Jagr, wearing number 68 to commemorate the Prague Spring, waits to play in Omsk.
The stomp-stomp-clap of Queen’s “We Will Rock You” thundered as Jaromir Jagr’s image on the video screen above the rink flicked off and the player himself left the bench. Hunched menacingly and clutching his stick, he skated onto the ice with his teammates through a glowing red-white-and-black mock-up of a hawk’s open beak, occasioning the first of many stadium-wide chants—“JAGR! JAGR! JAGR!”

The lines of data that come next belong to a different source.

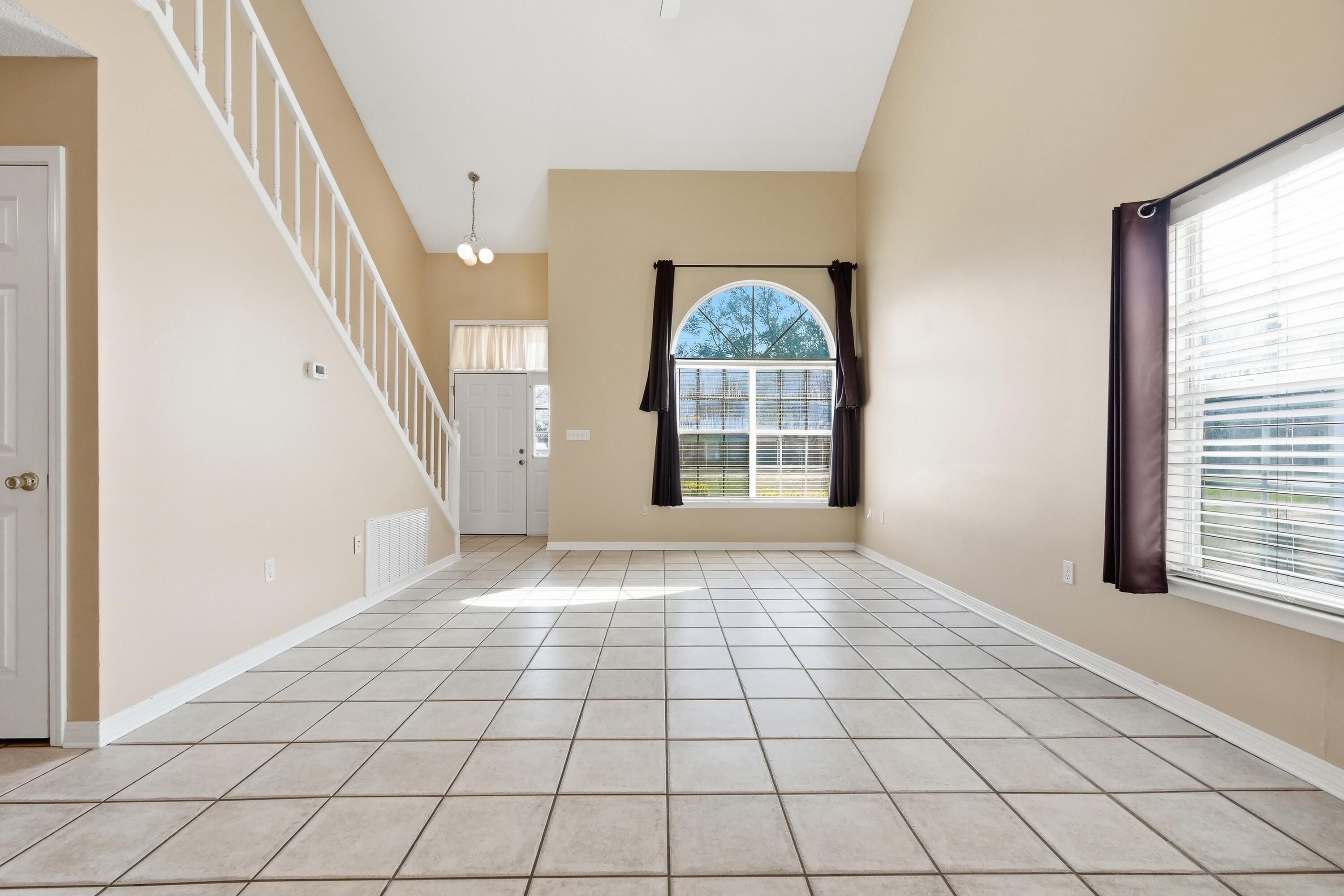 VALPARAISO PINECREST 6 - Residential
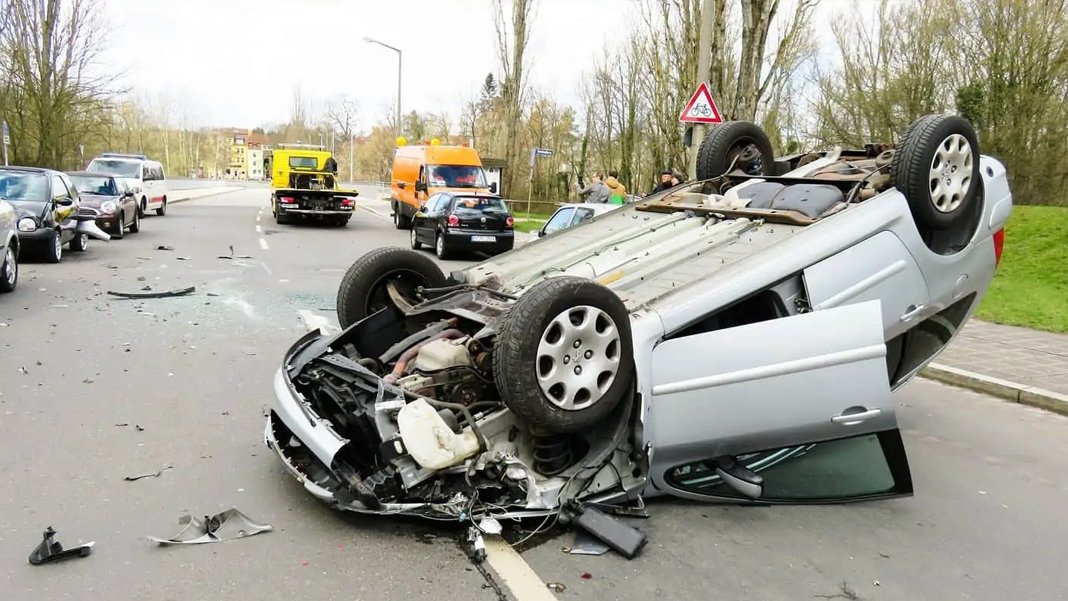 Lloyd's Register'ın dünya genelinde yaptığı anket: Trafik kazaları, pandemi ve ekonomik krizlere rağmen en büyük endişe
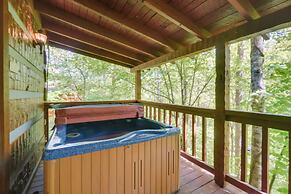 Gatlinburg Cabin w/ Hot Tub ~ 6 Mi to Downtown!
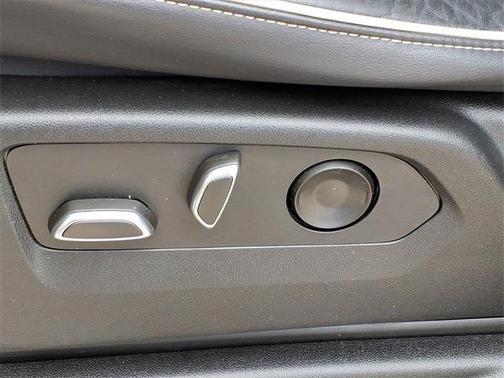 2022 Cadillac Escalade ESV Premium Luxury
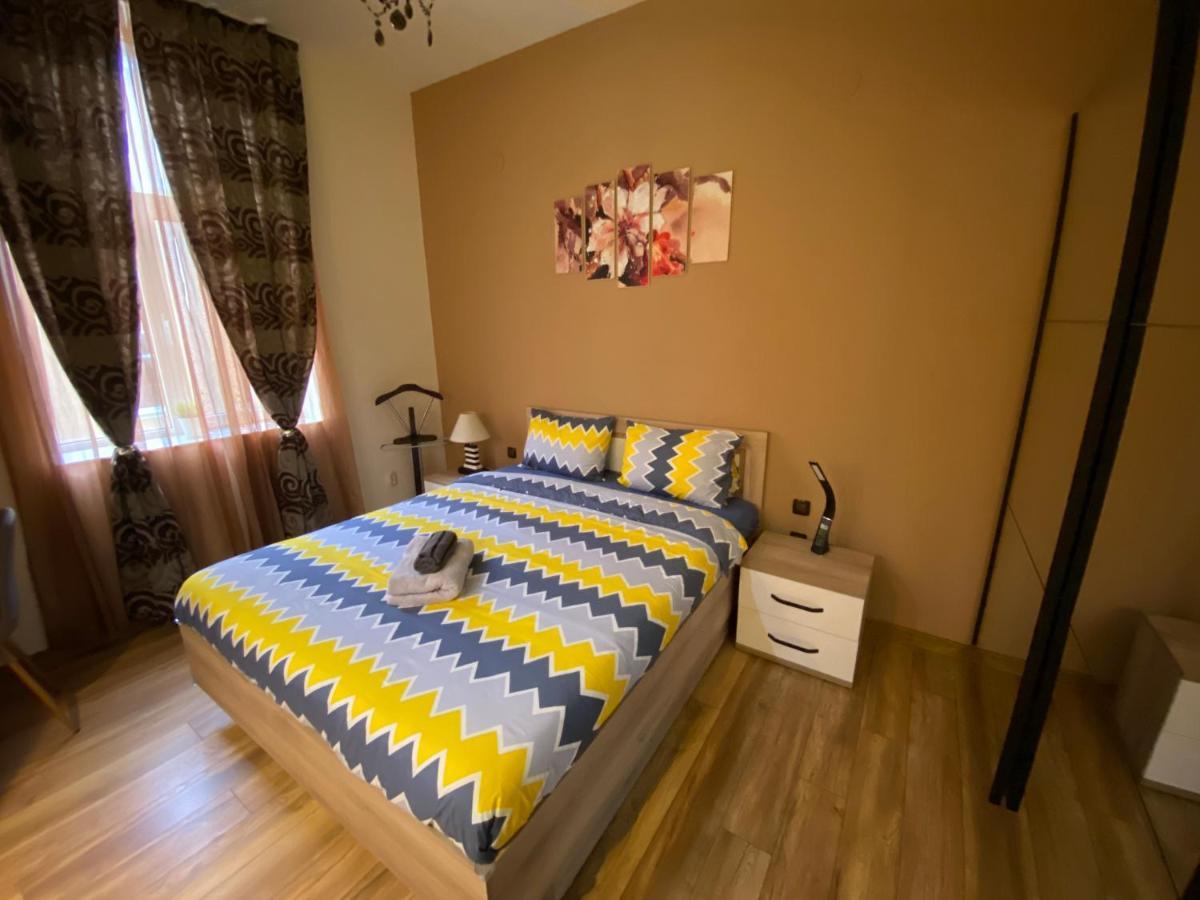 Cozy Apartment In Downtown Sofia - Tsar Samuil Street Exteriör bild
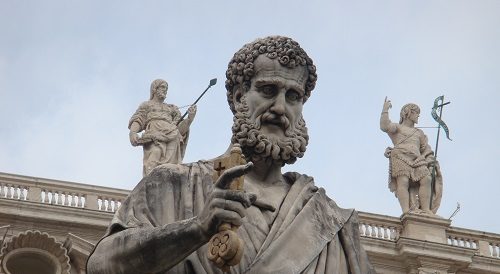 Statue of St. Peter with the keys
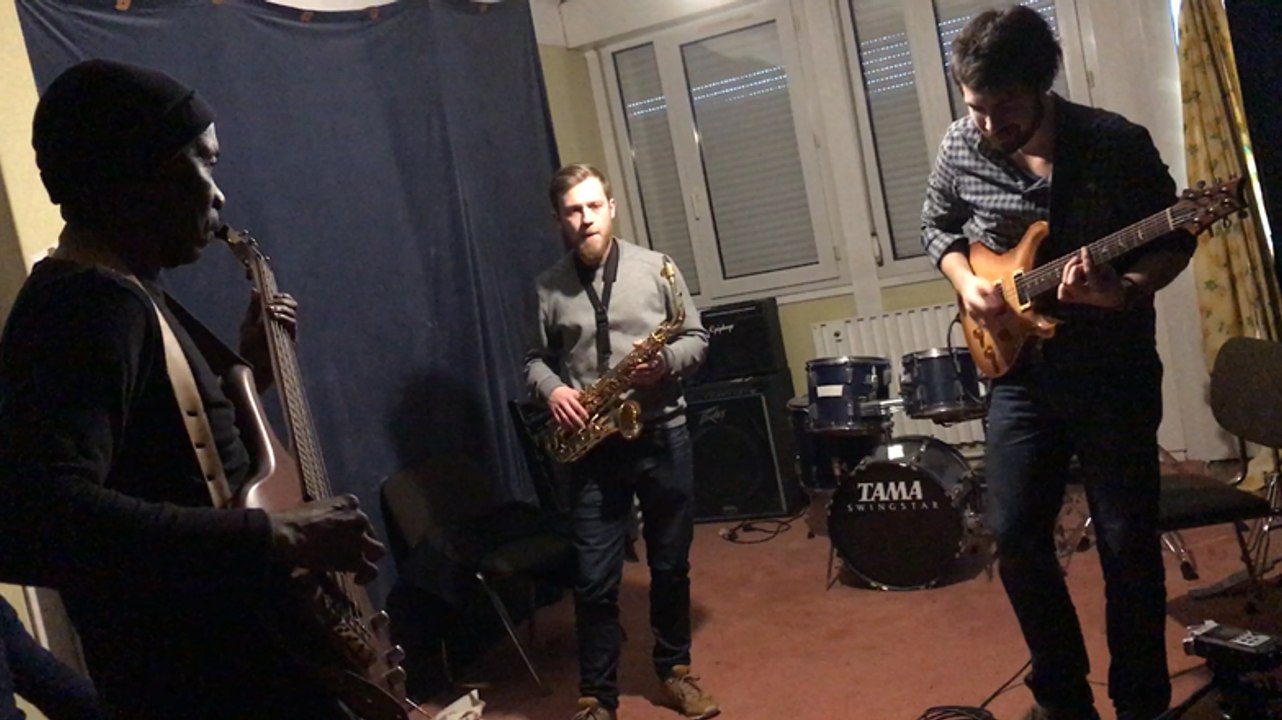 Répétitions en studio avec le groupe Bala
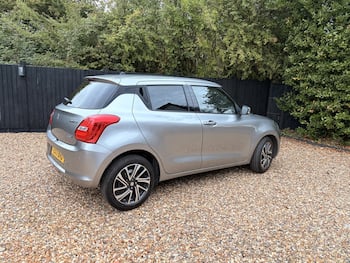 Used Suzuki Swift 2022 for sale - 79834256: Photo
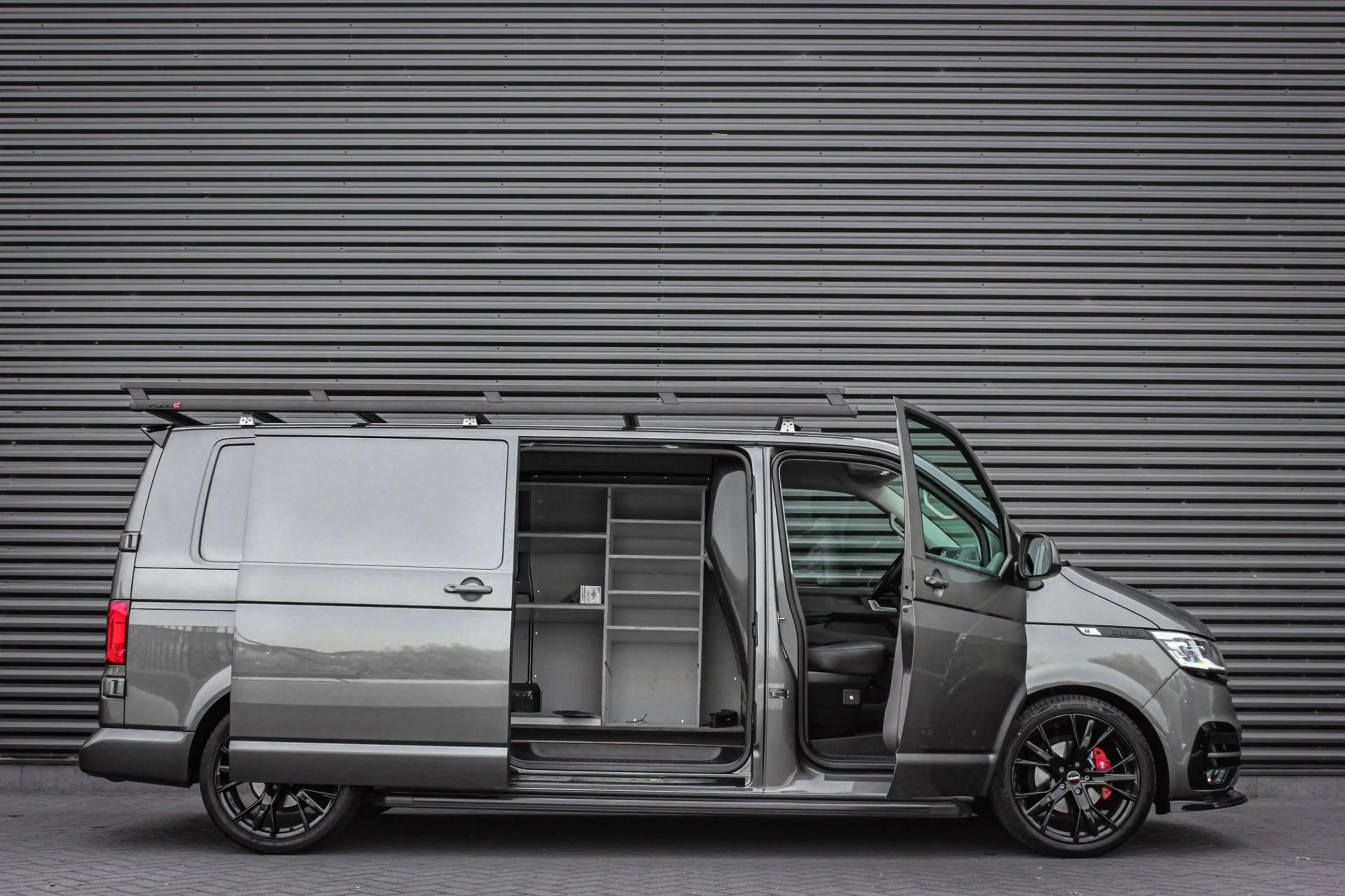 Volkswagen Transporter 2.0 TDI L2H1 150PK DSG JB- EDITION / VERLAGINGSVER — photo 7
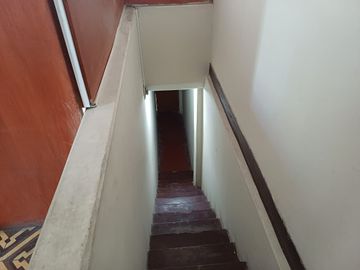 VENTA DE CASA EN URB. EL TRAPECIO, CHIMBOTE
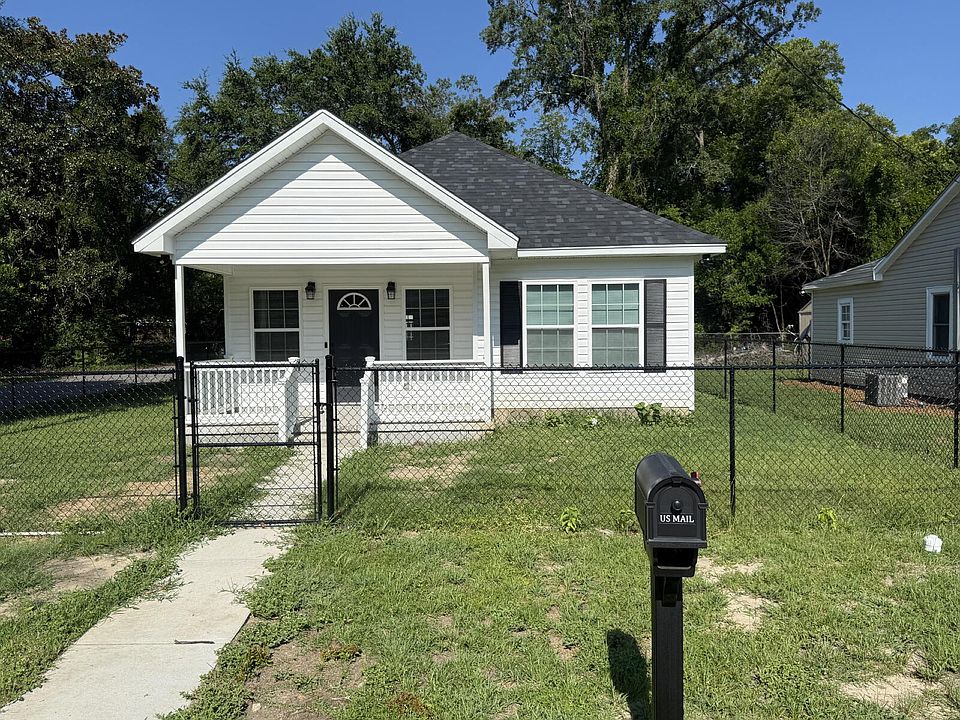 1st image of 32 Edwards St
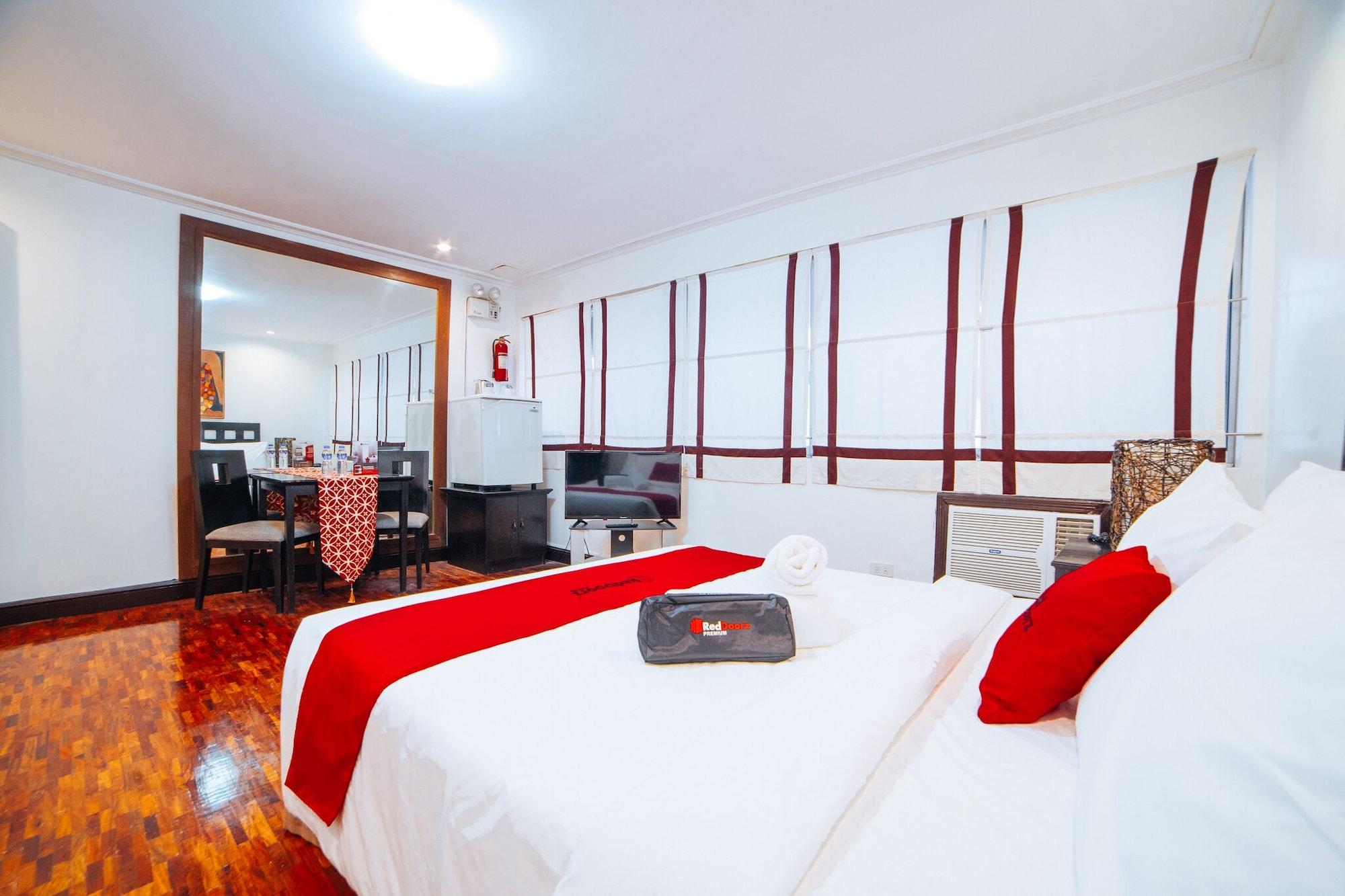 Reddoorz Premium Near Greenbelt Makati - Vaccinated Staff Makati City Eksteriør bilde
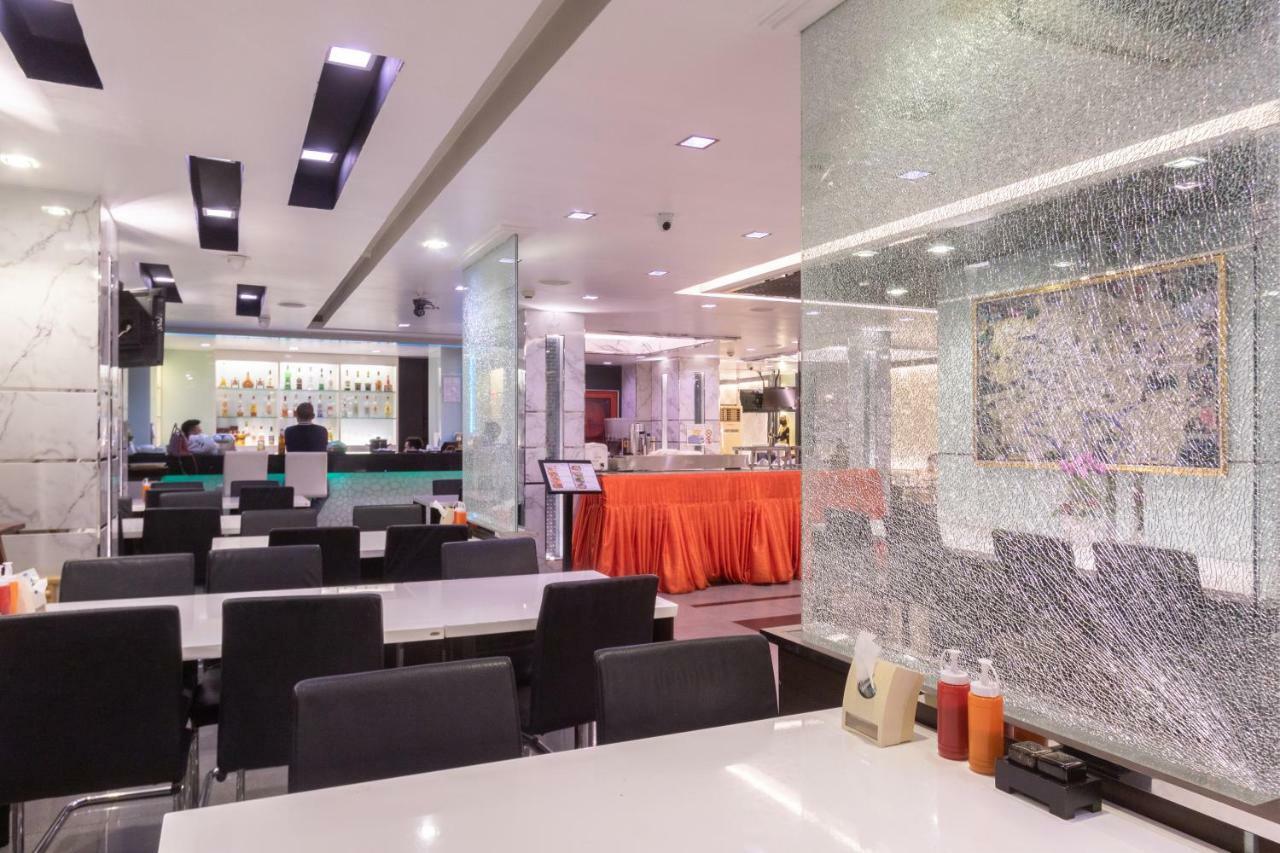Gusto Pratunam Bangkok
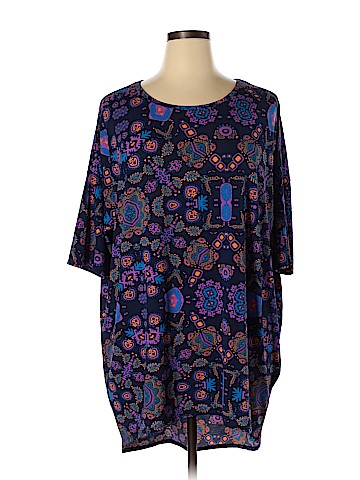 Lularoe Short Sleeve T-Shirt (view 1)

Held in a new, 10,000-seat arena, the sold-out game, which was to be nationally televised, bore all the trappings (and then some) of an NHL contest, including a squad of solarium-bronzed cheerleaders and a pulley-operated hawk that swooped from its perch above center ice, claws splayed, to overfly the rink.
The national anthem that roused the crowd to its feet, however, began with Rossiya—svyashchennaya nasha derzhava (“Russia—our holy country”); and, save for a few Toyota and Nikon logos, all the names limned onto the ice belonged to Russian companies: Gazprom, Sogaz, Mostovik, Yasnaya Polyana. The Czech-born Jagr, 36, a right wing who has topped rosters for the Pittsburgh Penguins, the Washington Capitals, and the New York Rangers since 1990, is now playing for Avangard Omsk, of the new Continental Hockey League, in Omsk, Siberia. This was his team’s first home game of the 2008–2009 season, against Metallurg, from the Ural Mountain town of Magnitogorsk.